The publicly available indictment , filed by U.S. Attorney for the District of Massachusetts, Carmen M. Ortiz, describes Swartz's alleged indiscretions in full detail, listing multiple instances of his evasion of MIT's attempts to stop him from downloading documents en masse from JSTOR, a document and journal repository. Swartz is being charged with wire fraud, computer fraud, unlawfully obtaining information from a protected computer, and recklessly damaging a protected computer.
Swartz is a programmer and Web political activist who co-founded a number of enterprises, including a company that was bought by Reddit. Most recently, he was involved in developing Web activist site Demand Progress. Demand Progress published a press release on its website defending Swartz, and is collecting statements of support for its founder.
According to this indictment, starting in late September 2010 Swartz, then a Harvard fellow, skipped down the road to MIT and apparently downloaded the documents through MIT's wireless guest network.
The indictment says that Swartz used an Acer laptop, plugged into the network under two fictitious usernames — "Gary Host" and "Grace Host" — and a "throwaway email address" — firstname.lastname@example.org — to access the JSTOR archive. Apparently with the help of software that entered search terms automatically, he then used the laptop to start downloading a large number of documents.
Then came the first of MIT's and JSTOR's attempts to block Swartz's access to the archive, the indictment continues. A day after Swartz's first set of downloads, JSTOR blocked the IP address associated with his Acer. The day after that, Swartz allegedly got another IP address. JSTOR traced and blocked that too, and in an attempt to stop other infiltrators from MIT, blocked other legitimate users from MIT who happened to have a code with the same first set of digits.
That's when MIT stepped in and banned the computer from its network, for not complying with its rules of computer use. This cat-and-mouse game of shifting IP addresses and blocks ultimately ended in Swartz "hard-wiring" himself into the network, and hiding his connected computer and external hard drives in a closet in the basement of one of the buildings.
What we imagine was a surveillance camera apparently recorded Swartz's moves in early January, as further described by the indictment, when he came to pick up his stuff:
"As Swartz entered the wiring closet, he held his bicycle helmet like a mask to shield his face, looking through ventilation holes in the helmet.
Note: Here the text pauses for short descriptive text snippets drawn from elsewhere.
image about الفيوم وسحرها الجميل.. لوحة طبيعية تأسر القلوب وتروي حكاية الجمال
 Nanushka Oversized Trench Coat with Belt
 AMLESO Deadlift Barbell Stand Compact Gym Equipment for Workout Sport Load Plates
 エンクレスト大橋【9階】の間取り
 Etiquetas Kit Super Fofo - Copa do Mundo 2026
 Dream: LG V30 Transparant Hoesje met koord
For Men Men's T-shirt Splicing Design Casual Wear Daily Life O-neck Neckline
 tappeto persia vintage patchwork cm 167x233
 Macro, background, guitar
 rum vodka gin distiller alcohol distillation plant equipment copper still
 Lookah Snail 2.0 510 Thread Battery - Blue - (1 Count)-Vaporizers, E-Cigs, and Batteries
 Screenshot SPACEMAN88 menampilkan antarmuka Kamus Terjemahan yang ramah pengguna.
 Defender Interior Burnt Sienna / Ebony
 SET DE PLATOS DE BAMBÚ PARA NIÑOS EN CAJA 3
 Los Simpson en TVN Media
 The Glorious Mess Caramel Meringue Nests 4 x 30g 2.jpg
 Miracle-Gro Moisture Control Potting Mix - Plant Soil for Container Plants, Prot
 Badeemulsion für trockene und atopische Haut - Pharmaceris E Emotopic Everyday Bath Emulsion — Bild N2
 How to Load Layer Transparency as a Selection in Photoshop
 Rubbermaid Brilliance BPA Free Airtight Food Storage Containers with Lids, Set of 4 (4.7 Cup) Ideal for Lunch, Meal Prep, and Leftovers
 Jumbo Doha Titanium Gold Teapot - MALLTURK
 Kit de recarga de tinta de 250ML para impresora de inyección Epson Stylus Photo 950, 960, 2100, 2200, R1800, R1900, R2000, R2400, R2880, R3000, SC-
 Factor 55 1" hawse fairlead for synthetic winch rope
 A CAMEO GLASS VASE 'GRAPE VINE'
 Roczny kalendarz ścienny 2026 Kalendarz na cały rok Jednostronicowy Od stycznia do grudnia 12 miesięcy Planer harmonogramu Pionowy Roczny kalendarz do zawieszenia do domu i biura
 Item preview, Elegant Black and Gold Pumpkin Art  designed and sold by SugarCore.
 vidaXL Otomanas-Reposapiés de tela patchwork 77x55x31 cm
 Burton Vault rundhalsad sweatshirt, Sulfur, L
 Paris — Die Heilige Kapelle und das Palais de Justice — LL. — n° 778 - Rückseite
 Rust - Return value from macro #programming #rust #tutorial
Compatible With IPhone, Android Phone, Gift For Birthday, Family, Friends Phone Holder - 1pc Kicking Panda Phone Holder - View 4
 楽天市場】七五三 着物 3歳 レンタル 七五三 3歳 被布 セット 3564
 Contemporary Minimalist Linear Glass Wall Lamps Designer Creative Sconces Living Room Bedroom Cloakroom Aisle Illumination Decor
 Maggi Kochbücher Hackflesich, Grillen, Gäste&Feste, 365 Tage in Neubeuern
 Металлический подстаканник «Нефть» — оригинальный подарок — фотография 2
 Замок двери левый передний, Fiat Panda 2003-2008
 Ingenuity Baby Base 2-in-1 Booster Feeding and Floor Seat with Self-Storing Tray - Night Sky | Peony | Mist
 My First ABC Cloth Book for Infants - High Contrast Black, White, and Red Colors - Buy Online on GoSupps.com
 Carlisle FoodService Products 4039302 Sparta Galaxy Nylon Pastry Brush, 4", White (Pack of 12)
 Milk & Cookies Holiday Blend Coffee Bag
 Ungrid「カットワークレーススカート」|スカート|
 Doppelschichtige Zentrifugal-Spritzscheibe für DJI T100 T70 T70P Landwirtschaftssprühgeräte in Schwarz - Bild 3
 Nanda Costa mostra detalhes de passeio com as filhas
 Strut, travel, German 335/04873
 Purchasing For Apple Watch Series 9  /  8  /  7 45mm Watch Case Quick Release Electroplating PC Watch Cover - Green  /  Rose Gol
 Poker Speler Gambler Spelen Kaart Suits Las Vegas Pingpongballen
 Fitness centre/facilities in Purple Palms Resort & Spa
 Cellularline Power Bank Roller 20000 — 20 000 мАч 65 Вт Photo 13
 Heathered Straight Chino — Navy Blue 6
Swartz then removed his computer equipment from the closet, put it in his backpack, and left, again masking his face with the bicycle helmet before peering through a crack in the double doors and cautiously stepping out."
Later that same day, Swartz fled from MIT Police who were trying to question him, carrying away a USB drive with one of the download-and-evade programs on it, the indictment says.
Swartz, a serial data dabbler, has been involved in past projects including Open Library, described on his website as "an ambitious project to collect information about every book every published." Swartz also helped develop watchdog.net, which helps people find and access government data.